U.S. Senator Kirsten Gillibrand (D-NY) has introduced legislation meant to prevent the importation of species that pose at as a threat to New York's natural resources.
It's called the Invasive Fish and Wildlife Prevention Act, and it would give federal wildlife officials the ability the block potentially harmful species from being imported into the country and across state lines.
“The Invasive Fish and Wildlife Prevention Act would give federal wildlife officials new tools to keep out invasive species that pose an imminent threat to Western New York,” said Senator Gillibrand, a member of the Senate Environment and Public Works Committee. “In recent years, we’ve seen many cases of invasive species from other countries – dangerous animals that aren’t meant to live in our ecosystems here – being introduced into bodies of water around our state and around Western New York. We need to do more to prevent harmful species from coming here from overseas and harming our ecosystems, and this bill would finally let us begin to address this problem.”
Under the current system, a species is designated as injurious only after it say been introduced to the United States and established an ecosystem.
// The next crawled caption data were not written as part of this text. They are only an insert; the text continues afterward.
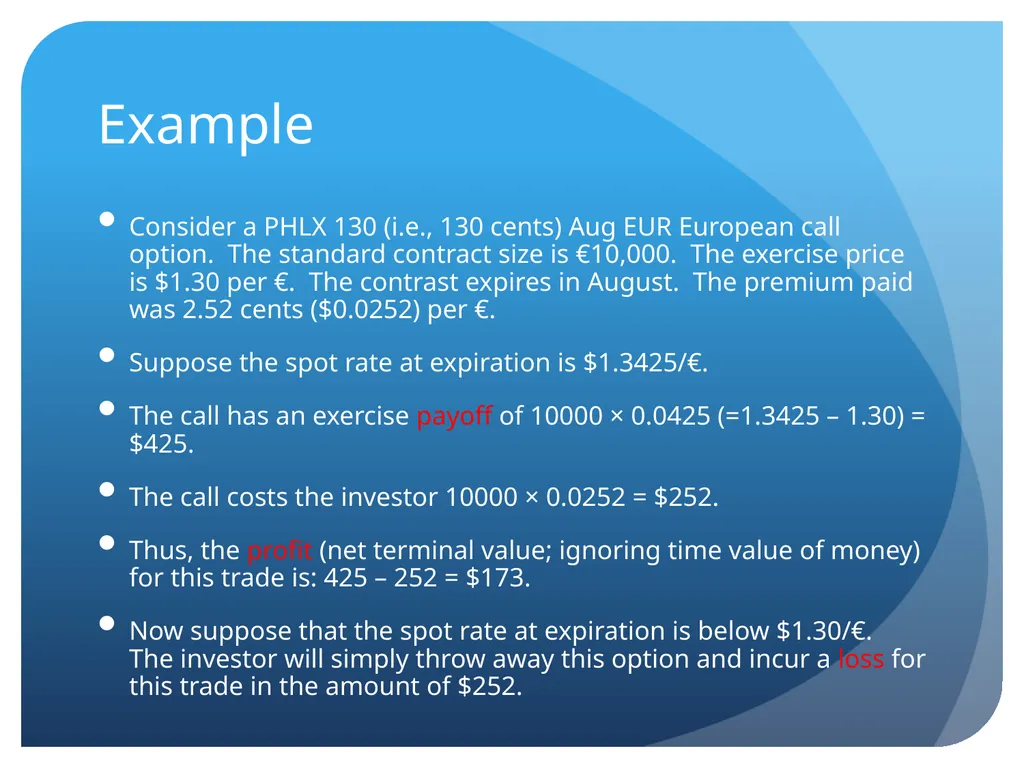 Derivatives and swaps on FX Sections Futures - slide 21 of 47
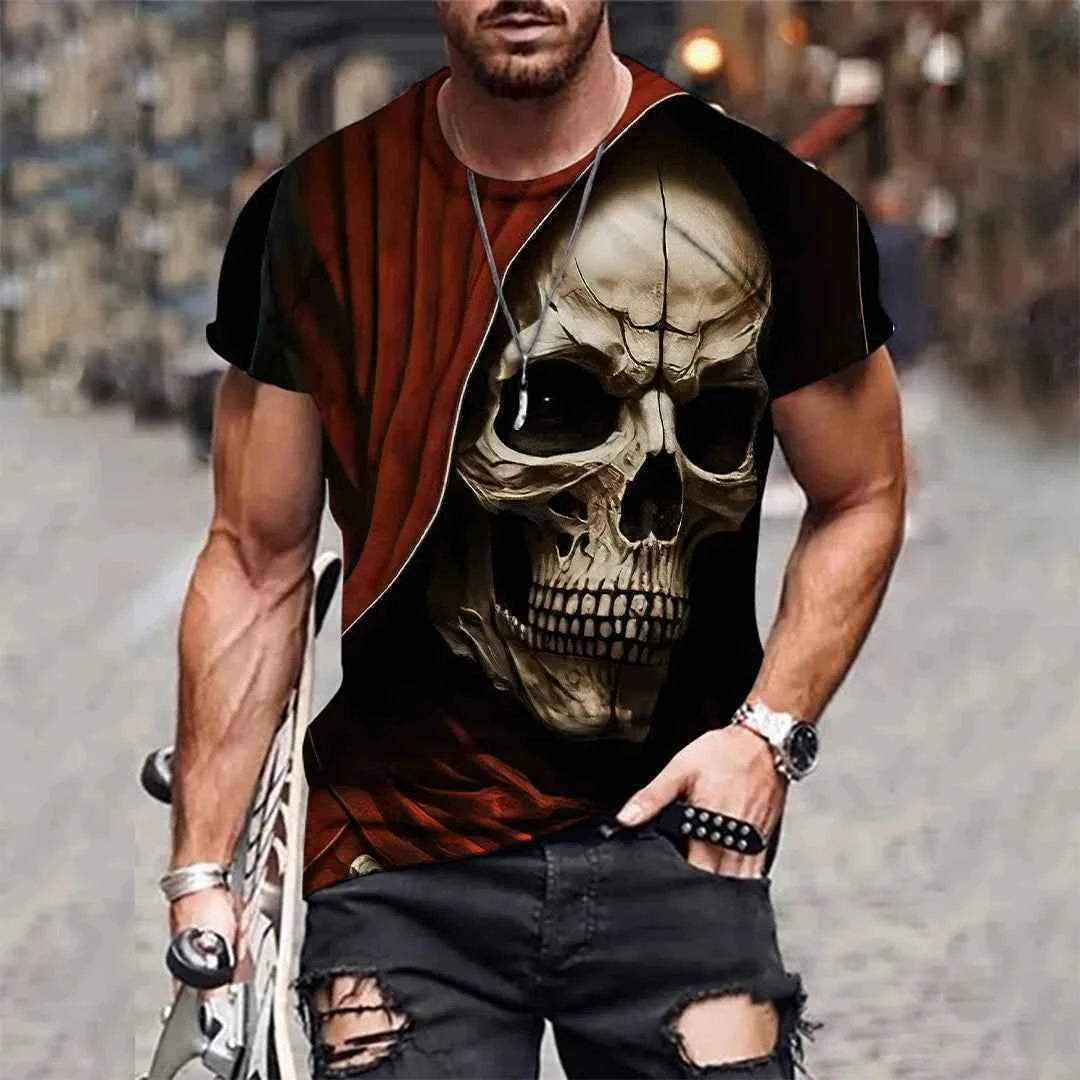 awesome, skull Men's T-shirt 4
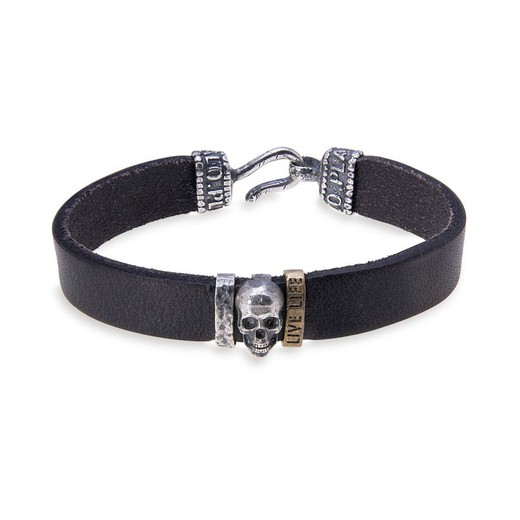 Pulsera PLATADEPALO calavera SKULL SB060X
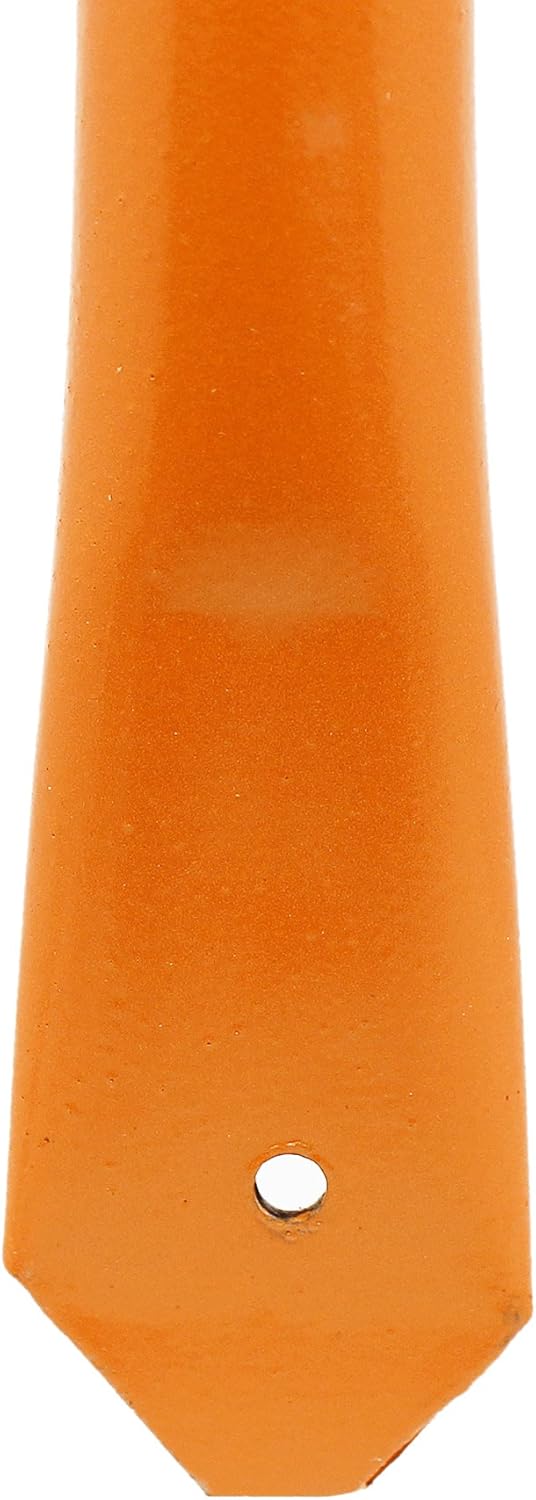 Boss Pet Interlocking 360 Tie Out Dog Stake 26" Heavy Duty Steel Orange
Once a species is listed as injurious, it cannot be imported into the United States or its territories, or through interstate commerce, without a U.S. Fish and Wildlife Service permit. designations happen after a species has already been introduced to the United States and established an ecosystem.
Currently, more than 200 species are listed as “injurious” to natural resources in the United States.
This new legislation would establish an injurious species listing process based on risk to natural resources, and would provide the U.S. Fish and Wildlife Service with temporary authority to make emergency designations for wildlife that pose an imminent threat.